French house prices continue to rise modestly
# France Housing Market
French house prices continue to rise modestly, despite continued social unrest and broader eurozone slowdown. In Metropolitan France, house prices rose by a modest 3% during the year to Q1 2019 (1.8% inflation-adjusted), at par with the previous year's growth, according to the National Institute for Statistical and Economic Studies (INSEE). It was the thirteenth consecutive quarter of year-on-year price hikes. Quarter-on-quarter, house prices increased 0.7% in Q1 2019 (0.9% inflation-adjusted).

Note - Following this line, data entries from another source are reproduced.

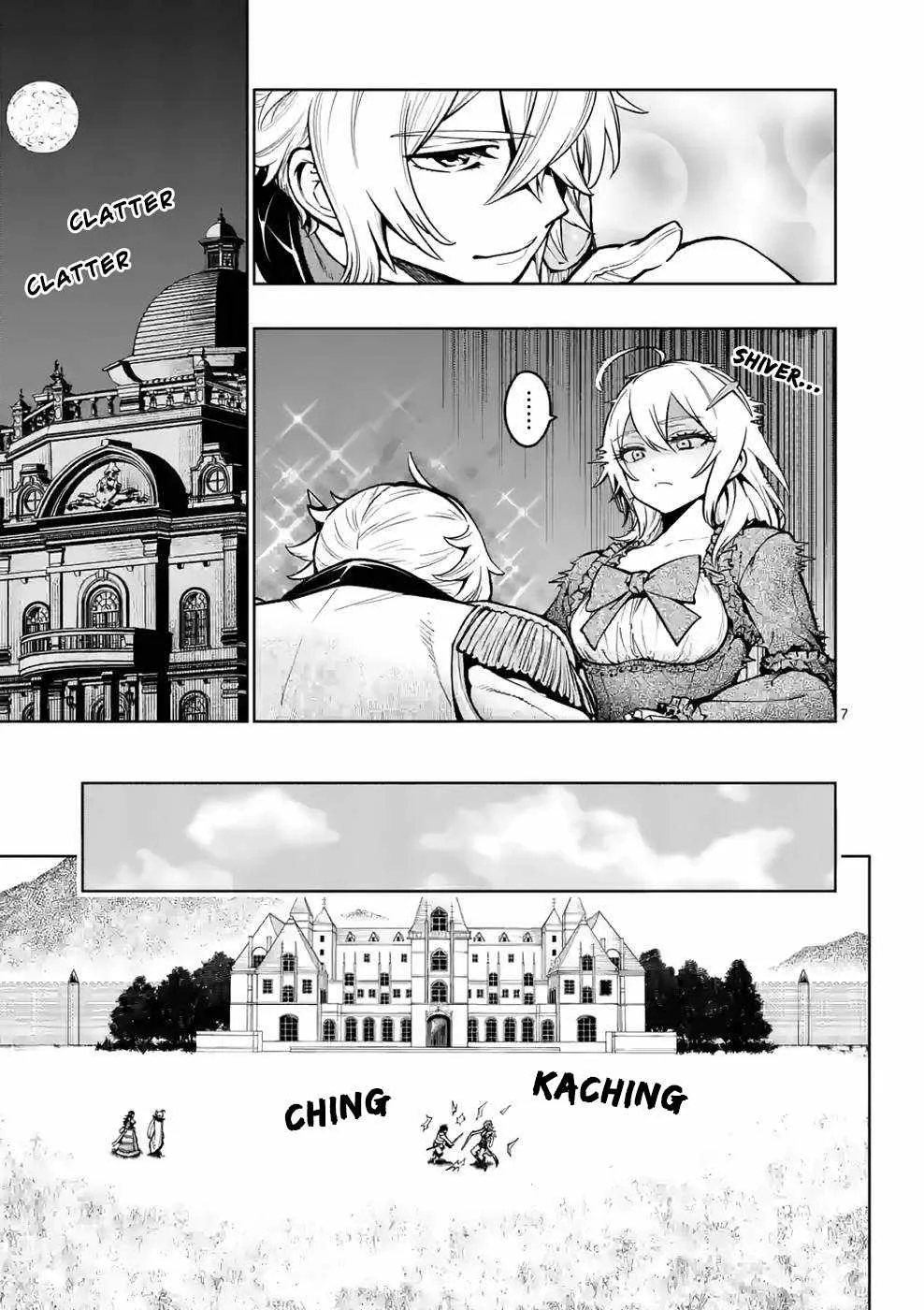 The Strongest Female Masters, Who Are Trying to Raise Me Up, Are in Shambles Over Their Training Policy Chapter 24 page 8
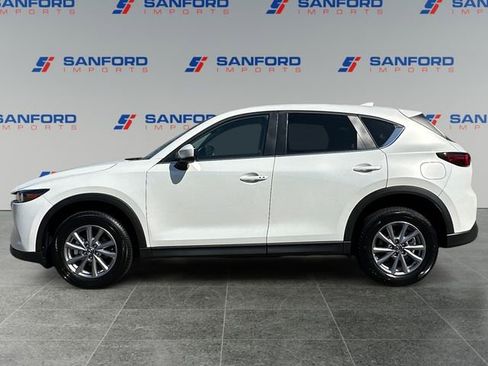 Used 2023 MAZDA CX-5 AWD 2.5 S w/ Select Package image 2
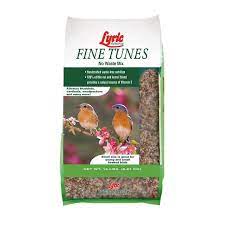 Lyric Fine Tunes No Waste Mix Wild Bird Food 5 Lb Bag Chewy Com Wild Bird Food Bird Seed Bird Food
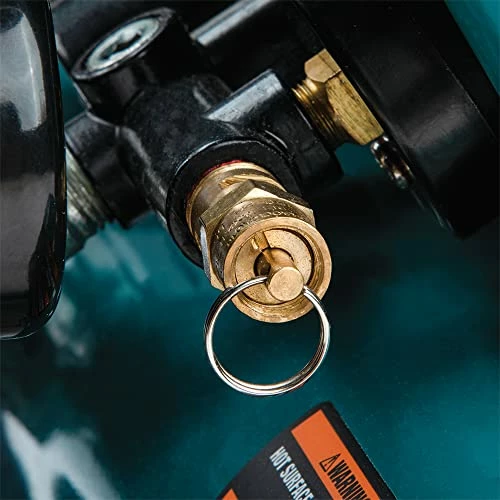 Best Sale ⌛ MAC100Q Quiet Series, 1/2 HP, 1 Gallon Compact, Oil-Free, Electric Air Compressor 😉 1 Best Sale ⌛ MAC100Q Quiet Series, 1/2 HP, 1 Gallon Compact, Oil-Free, Electric Air Compressor 😉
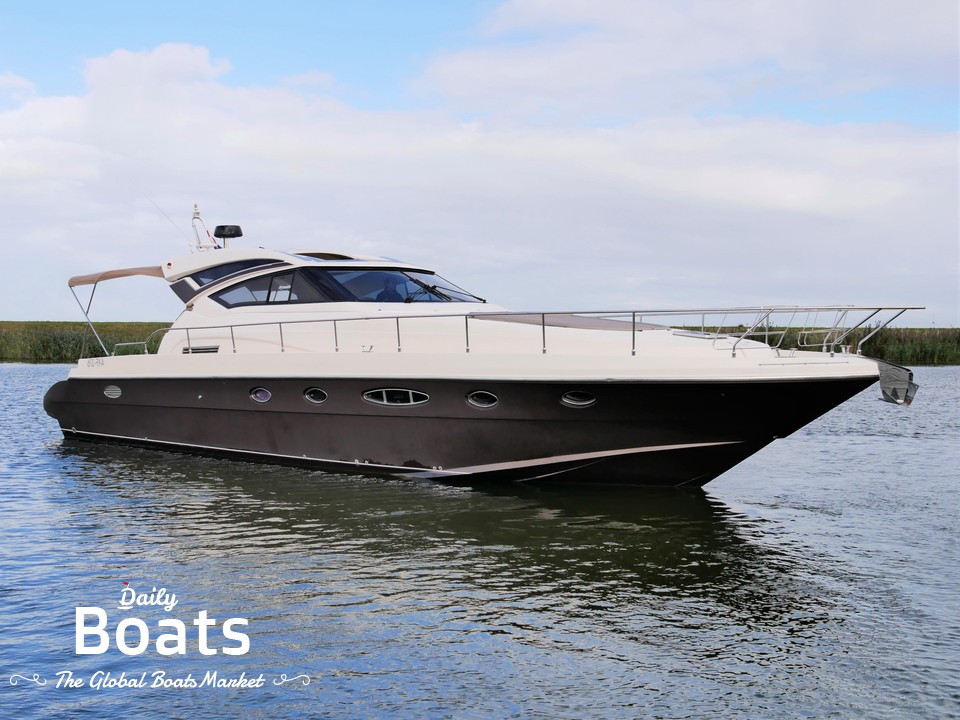 Used Cayman 52 hardtop for sale Daily Boats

Paris saw a significantly stronger house price increase than the wider nation. The average price of existing apartments in the capital city rose by 6.5% (5.2% inflation-adjusted) to €9,680 (US$11,000) per square metre (sq. m.) during the year to Q1 2019, according to the La Chambre des Notaires de Paris. During the long housing boom which lasted from 1997 to 2007, French house prices surged by 150% (112.5% inflation-adjusted).
Economic growth is expected to slow further to 1.3% this year, according to the European Commission.
There are no restrictions on foreign ownership in France. Most property is freehold. Apartments are mostly held in two forms of freehold: co-ownership (which has meetings of co-owners, with votes taken and accounts kept), and volumes, adapted mostly for mixed-use developments. There are also leaseholds, for up to 99 years.